UpDate - Vol. 12, No. 5, Page 3                                
October 1, 1992                                                
In Andrew's wake; WXDR engineer takes supplies to friends in Florida    
                                                               
     When Hurricane Andrew struck Florida in late August, cities     
across the nation tuned their televisions to CNN for a look at the   
carnage. With friends near the scene of the destruction, University  
employee Rich McGuire decided to make the long journey southward to  
see for himself-and to be with his friends.                          
     McGuire, assistant manager and chief engineer of campus radio   
station WXDR, said he was on the phone with Chris, a friend of his   
since high school.  They talked several times during the night of the
storm as increasingly violent winds gave Floridians a hint of what was        
to come.                                                             
     "He was using a cellular phone, because he knew that when the   
storm really hit Florida Power & Light would get knocked out," McGuire        
said.                                                                
     As Chris and his wife prepared for the onslaught-having fled    
their home in favor of a steel-reinforced building in the east coast 
town of Dania- McGuire assisted by instructing his friend via phone on        
the operation of a large generator.                                  
     "The noise was possibly the most frightening part of it," McGuire  
said. "It was just relentless."                                      
     Around 3 a.m., after his friends had barricaded a delivery bay's
door with a forklift,  McGuire said he hung up the phone on their last        
telephone conversation. By then, the group was tired enough to sleep 
through the hurricane, and McGuire was left to wonder how they were  
faring.                                                              
     Another phone call the next day put McGuire's mind to rest about
the safety of his friends.                                           
     "They got through it with no problems," he said.  But still     
McGuire wanted to do more. So, with extra rolls of toilet paper on   
board, he left for Florida in his 32-foot RV, a 1978 Dodge dubbed "Big        
Bus." It took 26 hours to reach his destination in the southern part 
of the Sunshine State.                                               

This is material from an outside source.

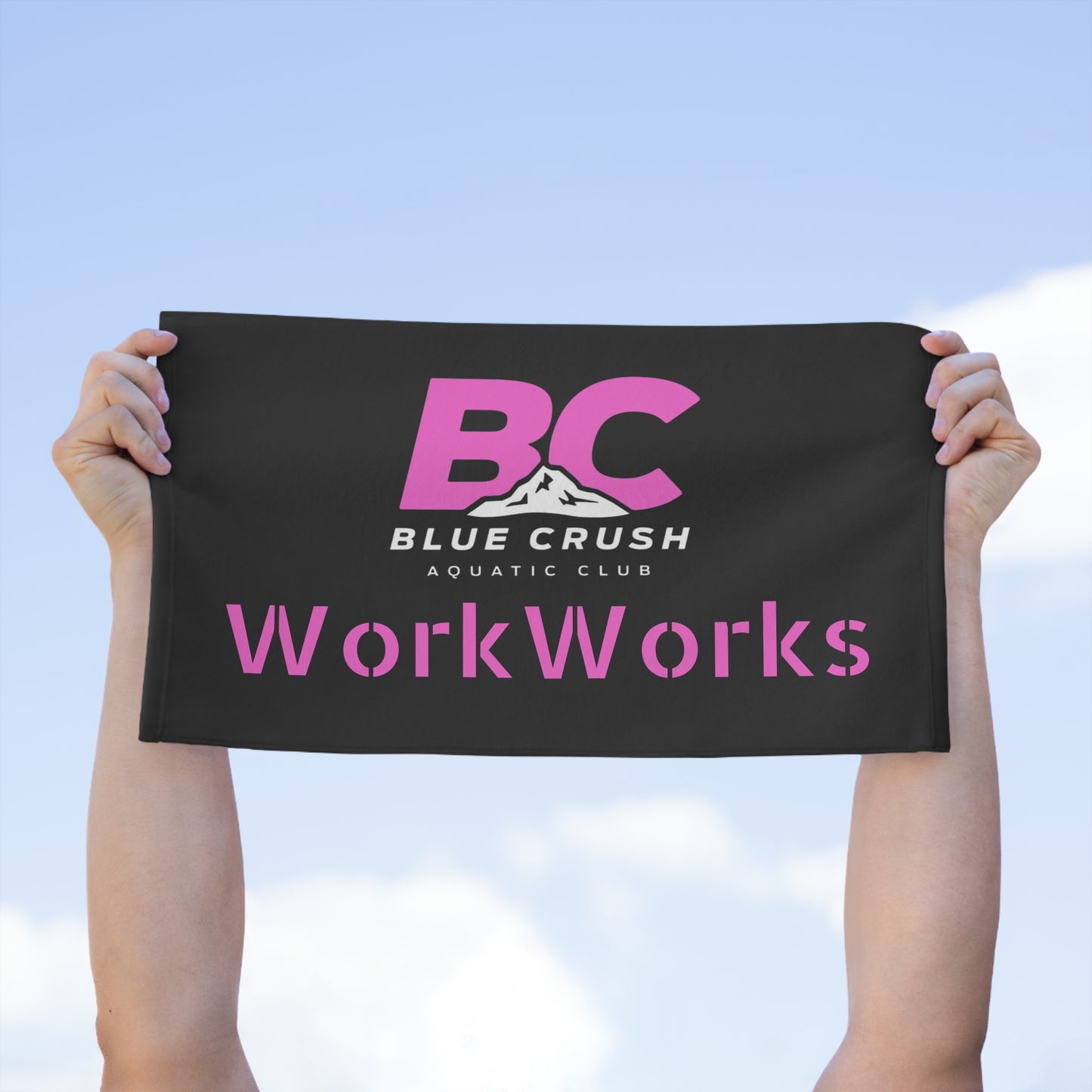 Blue Crush - Rally Towel - Black w/pink & white logo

     "As you traveled from Ft. Lauderdale toward Miami, you could see   
moderate to huge piles of garbage everywhere," he said. "There were no        
power poles left standing, and very few trees. The trees that were   
still in the ground had no leaves."                                  
     Traffic on the interstate and other major roads was horrendous, 
McGuire recalled. Some of the vehicles were military and             
rescue-related, but many appeared to be sightseers.                  
     "The police were stopping everyone in some areas close to       
Homestead," he said. People without business in the region were told 
to turn around and "head north."                                     
     As it turned out, McGuire said, his friends' home-about 15 miles
to the north of the building they had stayed in throughout the       
hurricane-was spared, suffering only minor damage to a few shingles  
and the loss of all the foliage in the yard.                         
     "They were lucky and they knew it," he said. "That was one of the  
most common expressions, "Boy, we were lucky."                       
     Also overheard around Broward and Dade counties were, "Next time
we're getting out of here," McGuire said.                            
     Two days after he arrived, as relief efforts were just getting  
off the ground in the devastated Homestead area, McGuire and his     
friends finished the relatively minor task of cutting up broken tree 
limbs that littered local yards and streets.                         
     With much of their work done, McGuire said they helped move a   
less fortunate friend, who had lost his home, to Miami, where he would        
live with another lucky survivor.                                    
     After a week and a half, and with the start of school           
approaching, McGuire headed north. "When I left, people were still in
denial," he said. "There were families guarding heaps of junk that   
used to be their homes. Many of them resisted moving, even though the
counties had begun condemning their property. It was sad, they were  
remembering what was there just days before, but it was all gone."